Вот такое было интересное время…
проще и обиднее
ДОСТОЕВСКИЙ И ЗОЩЕНКО
Михаил Зощенко, говоря, что «жизнь устроена проще, обидней и не для интеллигентов», на самом деле вовсе не хихикает над интеллигентами, а пишет о вещах по-настоящему трагических, определивших человеческий рисунок ХХ века.
В ХХ веке на европейскую историческую арену вышел совершенно другой тип человека, чем тот, кого мы ранее считали Человеком («с большой буквы», «звучащим гордо» и т. п.). Он, этот тип, впрочем, всегда был, но он именно что не выходил на арену. Человек, не отягощенный моралью и особенно – моральным самосознанием.
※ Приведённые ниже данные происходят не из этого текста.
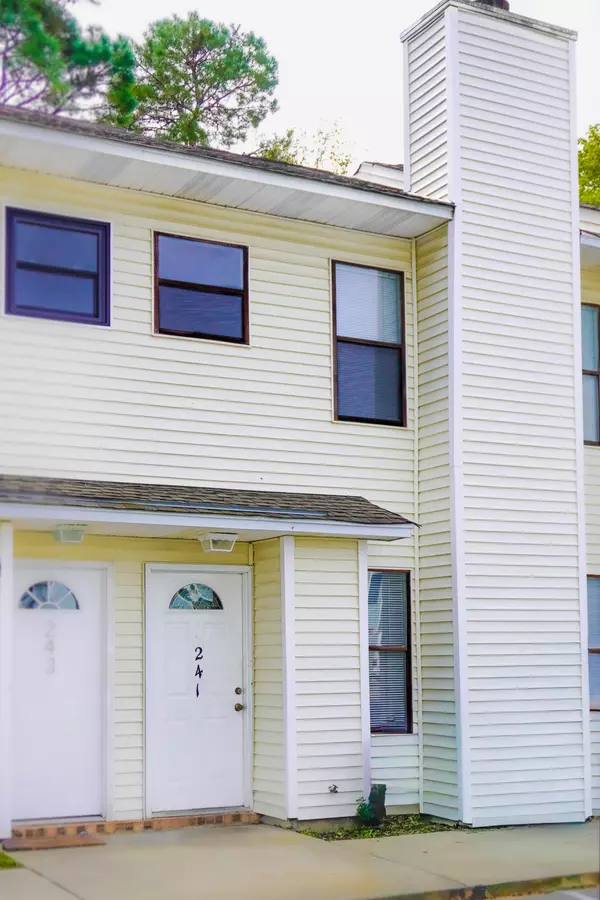 241 Pine Shadow Dr, Goose Creek, SC 29445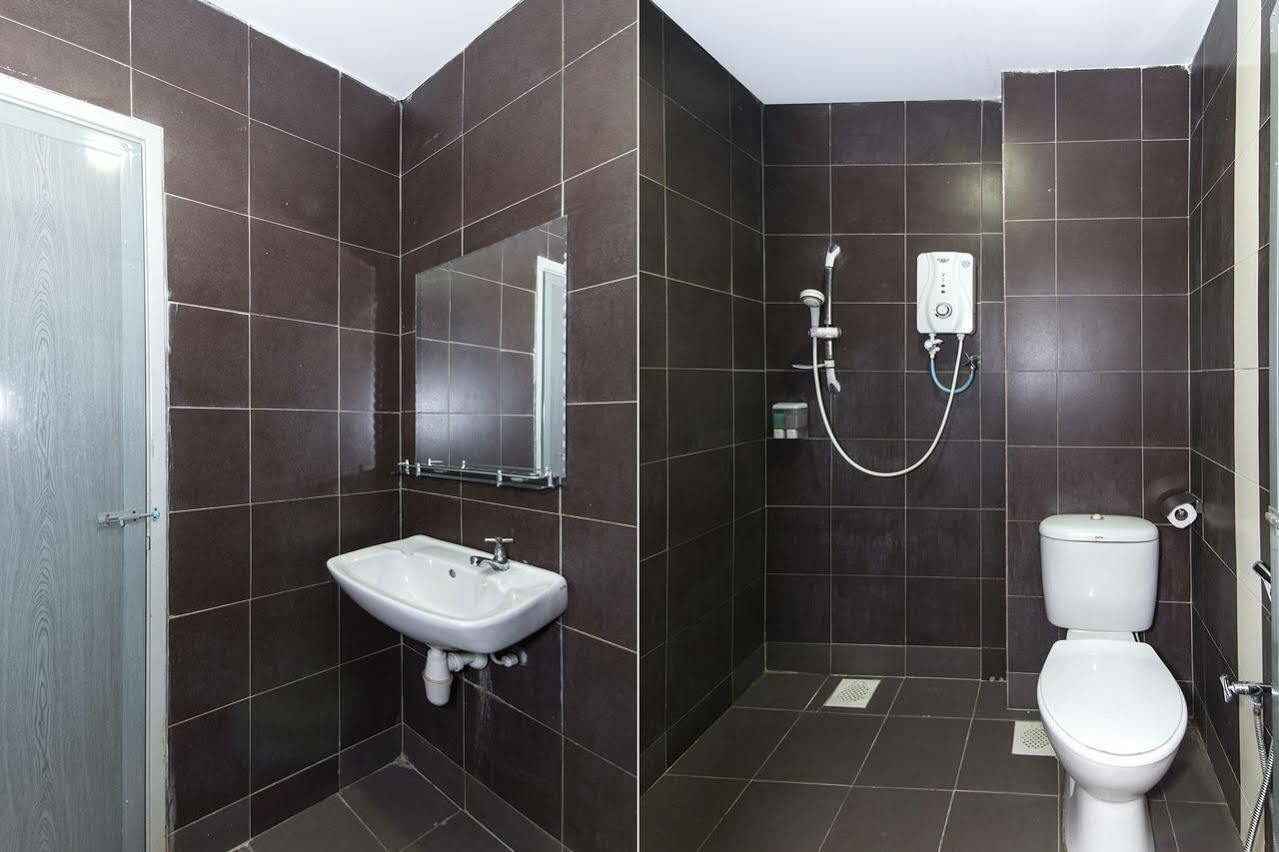 Hotel Oyo 182 Simms Grand 2*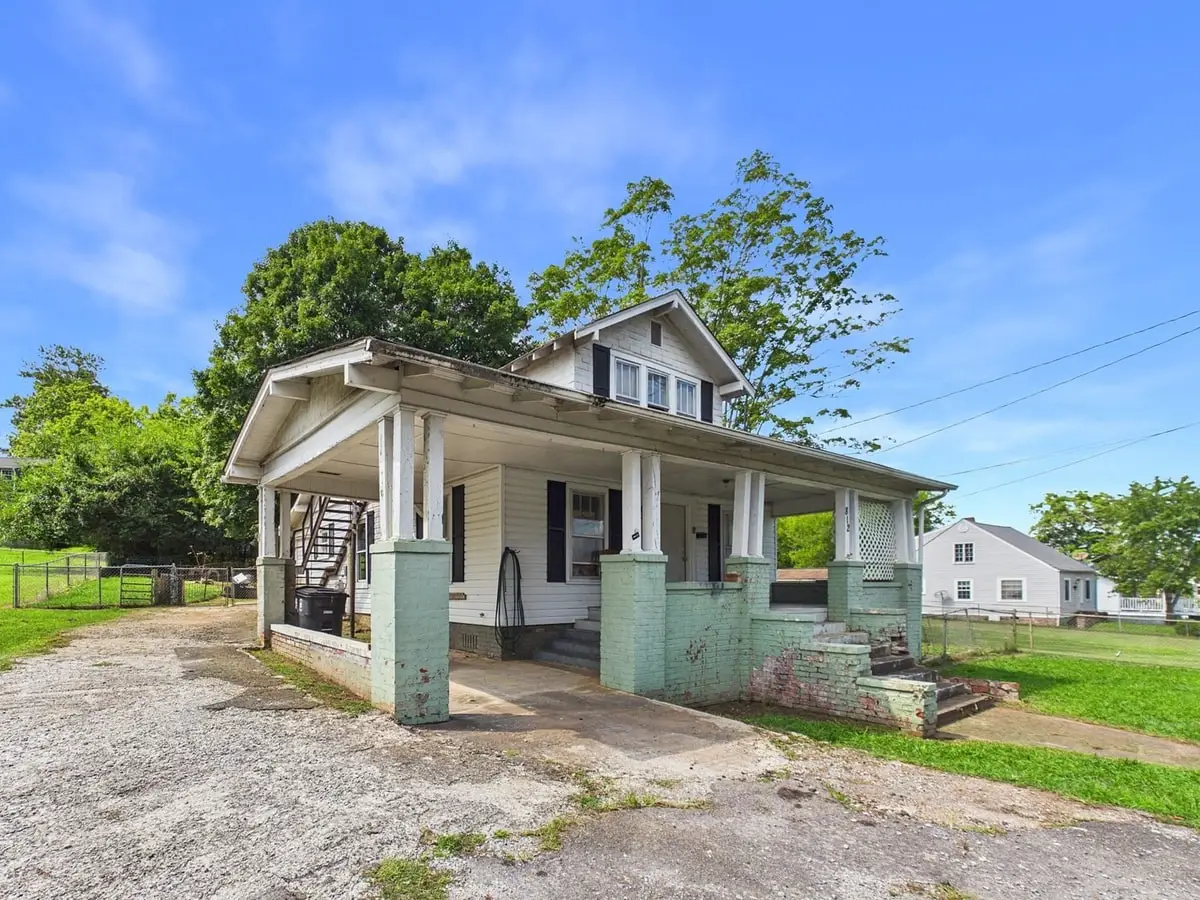 812 Eastanallee Ave, Athens, TN 37303 - #1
Герой Достоевского, убив старуху, мог только упасть на свою койку и рыдать. Прошло всего-то 70 лет, два поколения, и такой же недоучившийся студент, запытав до смерти десяток «врагов народа» или ликвидировав сотню, а то и тысячу «расово неполноценных», приходил домой и улыбался, радуясь, что на жене новое красивое платье, что дочь получила пятерку в школе. Играло радио, чай был горяч и сладок. Жизнь шла!
Зощенко первым обнаружил этот новый массовый тип. Человека, который может на улице схватить выпавшую из окна недоваренную курицу и убежать; отказаться от невесты потому, что в приданое не дали комод; убить за ершик от примуса, – и всё это с милой душой, не считая, что происходит нечто странное или страшное.
Он первым описал общество, где ложь, предательство, воровство, даже убийство – выпали из рамок морали. Где этих рамок вообще нет, а когда о них говорит какой-то там «интеллигент» – то его не понимают. Общество, где все согласны с насилием, потому что иначе они не знают, не понимают, не могут.
Зощенко – увы нам всем! – проницательнее Достоевского. Или лучше так: Зощенко – это Достоевский сегодня.
Потому что «бесы» Достоевского – это мерзкие, жестокие, но мыслящие и чувствующие люди. Делая мерзости, они понимают, что делают мерзости. Убивая, понимают, что совершают грех перед Богом и людьми. Почти что романтические персонажи. Дети Байрона.
А герои Зощенко – это массовые и банальные насильники ХХ века. Это «бесенята», для которых и вопросов-то таких не стоит. Пытать? Убивать? Травить газом? Закапывать живьем? Включая детей, женщин и стариков? Это мы пожалуйста! Работа-зарплата, и всего делов.